Kolejnego dnia budzę się z mocnym postanowieniem dotarcia do Khandbari. Na dworcu jeepów jestem o 0930, w chwilę później pojawia się pierwszy samochód. Wyładowany po brzegi, więc deklaruję, ze pojadę na dachu. Wzbudza to ogólną wesołość i niedowierzanie. Starszy pan z którym konwersowałem nieco przed odjazdem, podchodzi i mówi “you know, this is some difficult terrain there”. Mimo to wchodzę na dach jeepa, co wywołuje kolejne radosne okrzyki. Chyba nie spodziewali się, że wejdę tam o własnych siłach. Siadam na kole zapasowym, wplątuję się w linki przytrzymujące worki z ziarnem i jestem gotów do drogi. Kierowca jednak mnie przesadza, mam siedzieć z przodu dachu, na workach z ziarnem, z nogami wiszącymi nad przednią szybą. Obok mnie siada młody chłopak, jesteśmy jak dwa pociski, które przy mocniejszym hamowaniu wystrzelą w przestrzeń. Worki lekko się pode mną uginają, staram się przechylić możliwie daleko do tyłu i możliwie szeroko rozłożyć nogi. Jedną ręką udaje mi się też przytrzymać metalowego kosza, w którym leżą worki. Jeep rusza i jak początkujący zawodnik rodeo zaczynam bujać się w rytm jego podskoków.

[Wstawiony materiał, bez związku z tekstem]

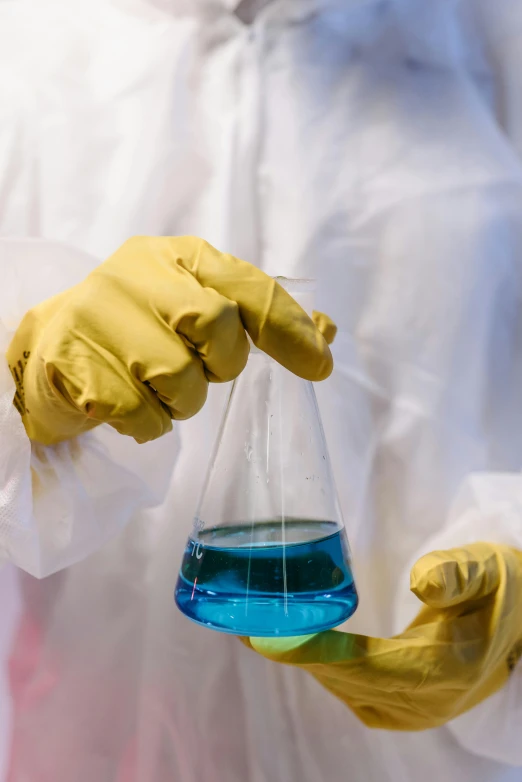 a person holding a flask filled with blue liquid, a picture, shutterstock, yellow latex gloves, sci-fiish, contain, just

Po paru minutach okazuje się, że nie jest to ani trudne, ani szczególnie niebezpieczne. Jest nawet przyjemnie – jeep jedzie dosyć wolno, wieje chłodny wiatr, adrenalina pulsuje przy mocniejszych przechyłach, mięśnie pracują. Po mniej więcej trzech kwadransach trafiamy na zator – przed nami w wielkich koleinach zakopał się traktor. Wszyscy wysiadają – cześć biegnie pomagać, część obserwuje. Ja dołączam do drużyny pomocowej. Po kilku minutach jest jasne, że ponieśliśmy sromotną porażkę – bez pomocy ciągnika nie wydostaniemy się z błota. Na domiar złego w środek całego zamieszania ładuje się karawana osłów.

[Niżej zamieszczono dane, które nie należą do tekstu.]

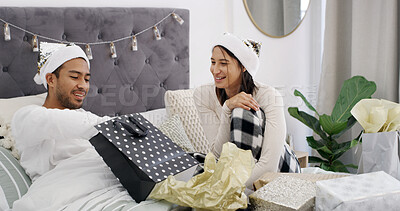 Buy stock photo Smile, couple and presents in bed with Christmas, giving and festive season for love in home. House, man and woman with celebration in bedroom for Santa hat, gift and decoration for holiday bonding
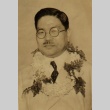 Juji Kasai wearing leis (ddr-njpa-4-637)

Wszystko stracone, myślę, gdy z przeciwnej strony nadjeżdżają dwa traktory. Szybko wyciągają z błota zakopany traktor, potem przeciągają przez koleiny kolejny i na koniec naszego jeepa. Ruszamy dalej, ostatnie kilka minut jadę już w środku, jako że kilka osób poddało się i poszło do Khandbari piechotą.

Khandbari spore – kilka razy większe od Tumlingtaru, stolica prowincji, ale równie rozlazłe. Internetu nie ma, o biurze parku narodowego nikt nie słyszał, angielski zna może jedna osoba. Niczego nie załatwiam, ale udaje mi się znaleźć bankomat – za kilka dni powinien się przydać.

Wracam również jeepem. Przed odjazdem czekam chwilę i konwersuję z lokalsami. Jeden z nich jest nauczycielem angielskiego w lokalnej boarding school. Pyta skąd jestem, co robię, ile mam lat. 33, odpowiadam, co wzbudzą radykalne zdziwienie. Z całej grupy nikt nie dawał mi więcej niż 20… Ha, zdrowe życie wśród wzgórz najwyraźniej mi służy!

Dowiaduję się też, że pod koniec 1-ego tygodnia października zaczyna się lokalne święto / festiwal – Dashain. Trwa około 2 tygodni i życie w tym czasie dosyć poważnie zamiera. Wygląda więc na to, ze lotnisko pozostanie zamknięte jeszcze długo, najwcześniej do połowy października… Zaczynam mieć – jak się później okaże słuszne – przeczucie, że do Kathmandu będę wracał stąd autobusem.